James R. Cooper, Judge.

The appellant was convicted in a jury trial of theft of property and contributing to the delinquency of a minor. He was sentenced to eight years in the Arkansas Department of Correction for theft of property and sentenced to one year in jail and fined $1,000.00 for contributing to the delinquency of a minor. On appeal, he argues that the trial court erred in admitting evidence of a prior arrest, that the trial court erred in denying his motion for a directed verdict, and that the trial court committed reversible error by admitting hearsay testimony. We affirm.

Initially, the State asserts that the appellant received an illegal sentence because the judgment and commitment order does not reflect that the appellant’s sentences are to be served concurrendy. However, we will not consider the issue of an illegal sentence on appeal unless the appellant has raised it. See Bilderback v. State, 319 Ark. 643, 893 S.W.2d 780 (1995).

Although the appellant challenges the denial of his motion for a directed verdict his second argument, preservation of the appellant’s right to freedom from double jeopardy requires a review of the sufficiency of the evidence prior to a review of trial errors. Byrum v. State, 318 Ark. 87, 884 S.W.2d 248 (1994). The appellant contends that the trial court erred in denying his motion for a directed verdict on the theft of property charge or in reducing the charge to a misdemeanor because the State failed to prove that the *194stolen property had a value of more than $200.00. The appellant contends that the State’s witness lacked personal knowledge of the value of the merchandise on the date of the theft or at a reasonable time thereafter.

A motion for a directed verdict is a challenge to the sufficiency of the evidence. Durham v. State, 320 Ark. 689, 899 S.W.2d 470 (1995). In reviewing the sufficiency of the evidence on appeal, we view the evidence in the light most favorable to the State and affirm if the verdict is supported by substantial evidence. LaRue v. State, 34 Ark. App. 131, 806 S.W.2d 35 (1991). Substantial evidence is evidence which is of sufficient force and character that it will, with reasonable certainty, compel a conclusion one way or the other without resort to speculation or conjecture. Kendrick v. State, 37 Ark. App. 95, 823 S.W.2d 931 (1992).

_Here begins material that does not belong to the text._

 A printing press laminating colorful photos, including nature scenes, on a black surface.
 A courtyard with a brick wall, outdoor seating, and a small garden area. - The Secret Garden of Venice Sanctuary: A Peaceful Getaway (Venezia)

Theft of property is a Class C felony if the value of the property is less than $2,500.00 but more than $200.00. Ark. Code Ann. § 5-36-103(b)(2)(A) (Repl. 1993). “Value” is defined as the market value of the property at the time and place of the offense or if the market value of the property cannot be ascertained, the cost of replacing the property within a reasonable time after the offense. Ark. Code Ann. § 5-36-101(ll)(A)(i) & (ii) (Repl. 1993). The State has the burden of establishing the value of the property. Coley v. State, 302 Ark. 526, 790 S.W.2d 899 (1990). Value may be sufficiendy established by circumstances which clearly show a value in excess of the statutory requirement. Id. It is the owner’s present interest in the property that the law seeks to protect. Hardrick v. State, 47 Ark. App. 105, 885 S.W.2d 910 (1994). In determining market value, the fact finder may consider when the owner purchased the property and at what price as well as the present cost to replace the property. Id.

Debra Young testified that she was employed at Wal-Mart as a UPC (Universal Product Code) clerk. She testified that her duties included checking merchandise prices by conducting a computer inquiry using the merchandise UPC numbers. The computer information reflected the wholesale cost, retail price, and vendor of the merchandise. It also reflected if the merchandise was replenishable and if it was on clearance. She testified that the list of information she obtained from the computer gave the current retail price of the Wal-Mart merchandise. She further testified that the prices had changed or had been reduced since the time of the theft. She did *195not, however, testify to what the retail prices were at the time of the theft but she did testify to the wholesale price Wal-Mart paid for each piece of merchandise which totaled approximately $239.00.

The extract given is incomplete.